Traditionally, the result of the final convolutional layer is flattened into the fully connected layer before the decision layer. However, a fully connected layer can not be added after the last residual block because the extracted feature map is in a variable dimension. Since the variable dimension of the 3D matrix is the input of the KinectGaitNet, the dimension of the extracted feature map after the residual block is not consistent for every gait cycle. The feature map needs to be accumulated in such a way that a consistent feature map can be generated and the accumulation process is learnable. To achieve that, we feed the output of the final residual block into a global average pooling layer [
36]. The global average pooling layer provides the ability of the KinectGaitNet to support the variable dimension of 3D matrices.
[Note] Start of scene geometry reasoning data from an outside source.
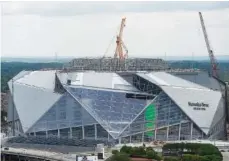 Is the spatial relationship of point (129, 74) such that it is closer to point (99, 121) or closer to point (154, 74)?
point (154, 74)

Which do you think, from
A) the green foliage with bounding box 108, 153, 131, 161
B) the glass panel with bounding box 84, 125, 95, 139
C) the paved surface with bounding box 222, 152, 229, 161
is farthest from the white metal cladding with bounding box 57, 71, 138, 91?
the green foliage with bounding box 108, 153, 131, 161

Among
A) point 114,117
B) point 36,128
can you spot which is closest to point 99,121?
point 114,117

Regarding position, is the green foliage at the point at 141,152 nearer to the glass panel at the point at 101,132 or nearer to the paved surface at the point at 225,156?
the paved surface at the point at 225,156

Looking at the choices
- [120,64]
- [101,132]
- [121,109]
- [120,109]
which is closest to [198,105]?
[121,109]

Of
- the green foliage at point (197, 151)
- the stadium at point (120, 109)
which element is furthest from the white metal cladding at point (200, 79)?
the green foliage at point (197, 151)

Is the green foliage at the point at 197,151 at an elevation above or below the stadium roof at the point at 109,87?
below

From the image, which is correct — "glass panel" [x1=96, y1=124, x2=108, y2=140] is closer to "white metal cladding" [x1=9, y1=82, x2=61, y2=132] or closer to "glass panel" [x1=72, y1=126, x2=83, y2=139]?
"glass panel" [x1=72, y1=126, x2=83, y2=139]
It also significantly reduces the number of trainable parameters. Finally, the feature maps are transformed in such a way that the output of the global average pooling operation is closely related to the classification categories.
The softmax activation function is applied at the decision layer to classify persons’ identities in a multi-class gait recognition system. The categorical log loss objective function is optimized using the Adam optimizer to utilize the optimization gain of AdaGrad and RMSProp [
37]. Furthermore, the Adam optimizer provides the robustness while optimizing the hyperparameter with an adaptive learning rate.